Photo: Anthony DePrimo
Coaching cops: Profile of Lorie Fridell
Ten years ago, Lorie A. Fridell was a University of South Florida professor who was researching bias in policing when she founded a small business that has grown into the biggest provider of bias awareness training for law enforcement officers in North America.
Her Tampa-based company, Fair & Impartial Policing, has trained officers in Miami, Tampa, Sanford, Miami Beach, Clearwater, other Florida cities and throughout the country. She says her training is in high demand these days, particularly since implicit bias can escalate hostility between police and suspects, resulting in the sort of high-profile conflicts that departments want to avoid. Last year, for example, Fridell’s company signed a $4.5-million contract with the New York City Police Department to train the city’s 36,000 police officers. Gross billings over each of the last four years have averged $1.5-million annually. Fridell employs 19 classroom trainers.
“I never expected in 2008 to be running a company of this scope,” says Fridell, who has remained a criminology professor at USF. “It just kind of happened by virtue of the demand for the product.”
The goal of the training, Fridell says, is to get the officers to first recognize their own biases — acknowledging negative stereotypes about groups of people, for example — and then help the officers manage those biases.
“This is not about blaming,” she says. “This is about understanding how your mind works and how it might play tricks on you.
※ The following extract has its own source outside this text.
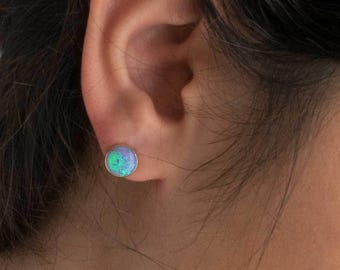 14K Solid Gold Blue Opal Earrings, Birthstone Jewelry, Opal Jewelry, October Birthstone, Dainty Jewelry, Statement Earrings, Boho Earrings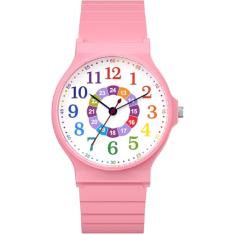 SOCICO Relógio analógico infantil para meninos e meninas, impermeável, com pulseira macia, relógio de pulso com tempo de aprendizagem, fácil de ler, para crianças de 3 a 12 anos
Very early on we link the training to their goals and tell them that policing based on biases and stereotypes, including implicit biases, can make you unsafe, ineffective or unjust.”
In doing so, she says, the training also makes the case that bias works both ways, with citizens sometimes believing negative stereotypes about police. The officers, she says, have to be able to understand and manage that reality and quell potentially volatile situations.
The business, which also gets funding from U.S. Department of Justice grants through USF, trains officers of all levels, from street-level cops to their supervisors to the department’s top leaders.
Fridell and her trainers sometimes have to overcome bias themselves.
“Because of the way our culture talks about this issue and talks about bias in policing, it’s not unusual, when we walk in a room, for our audience to be somewhere between defensive and outright hostile,” she says. “No. 1 on our radar screen in the curriculum: How do we go into that room and convince them that this is important to them, that we are not going to be shaking our fingers at them? My trainers, with one exception — me — are sworn cops. They are either in service right now or they’re recently retired. They bring the credibility that I as the academic would not bring to certain audiences. Now, I do train at the command level. They’ll put up with an academic. But otherwise, whether we’re talking to patrol officers or sergeants, we really need a sworn cop in front of the room to make the case.”